The tides have again exposed portions of an 1878 shipwreck of the three-masted freighter King Philip at San Francisco’s Ocean Beach (near the west end of Noriega Street). The wreck was last seen in 1980.
The SF Chronicle reports:
The sea, a thing of infinite mystery, was up to its mysterious ways Monday on San Francisco’s Ocean Beach.
At high noon, in the middle of low tide, two large pieces of a wrecked 19th century clipper ship decided to poke out above the sand and reveal their long-hidden selves to the world.
It was a little piece of maritime history and a great big puzzle. Just the thing for a beachcomber to ponder on a warm and sunny spring day, instead of going to work.

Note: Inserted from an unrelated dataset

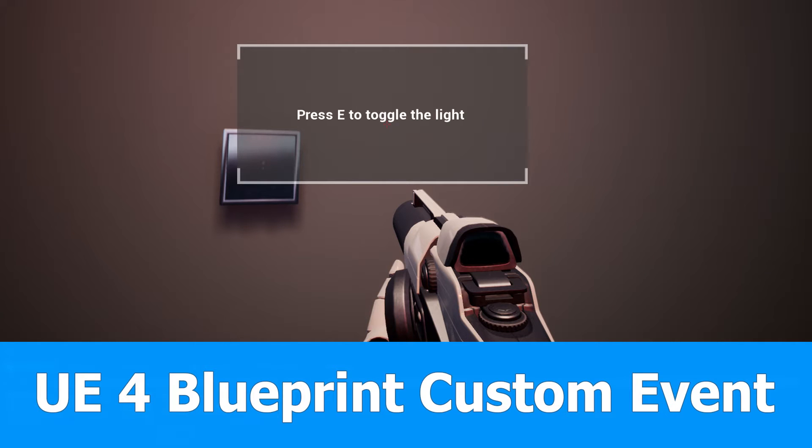Hi guys, here is the next Unreal Engine 4 tutorial about communication between blueprints using custom events.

“I don’t know what happened here, but it’s interesting,” said lifeguard Sean Scallan, who got out of his dune buggy to check the wreckage, all the while keeping an eye on the nearby swimmers, that being what lifeguards do.

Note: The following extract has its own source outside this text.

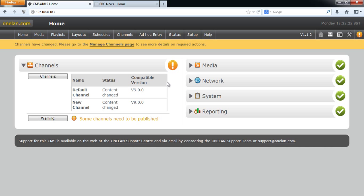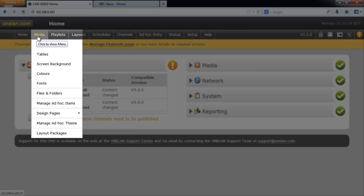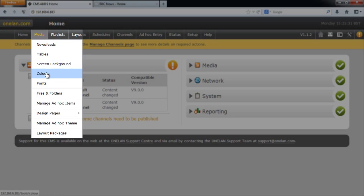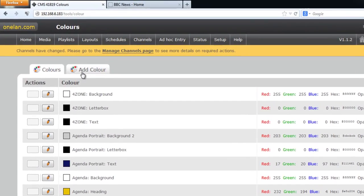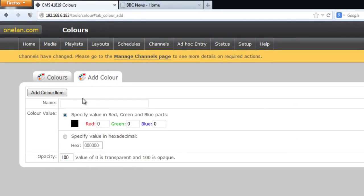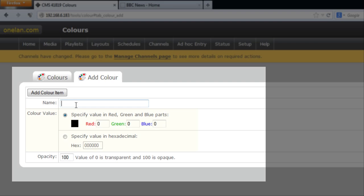In order to create a color in a CMS, we browse to the media dropdown menu and select Colors. Here we can see the existing color palette. In order to add a new color, we simply click on the Add Color tab, specify a name, and then either the RGB or the hexadecimal value to create a new color.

The visible parts of the shipwreck were nothing more than two 10-foot-long arrangements of lumber in the shape of a V, poking about a foot or so above the shoreline near the end of Noriega Street, and separated by about 200 feet of sand. One V was the bow of the ship and the other V was the stern.
That was it. Everything else was up to the imaginations of passers-by.
Bram
The environmentalists keep telling me the seas are rising. I know they couldn’t be wrong.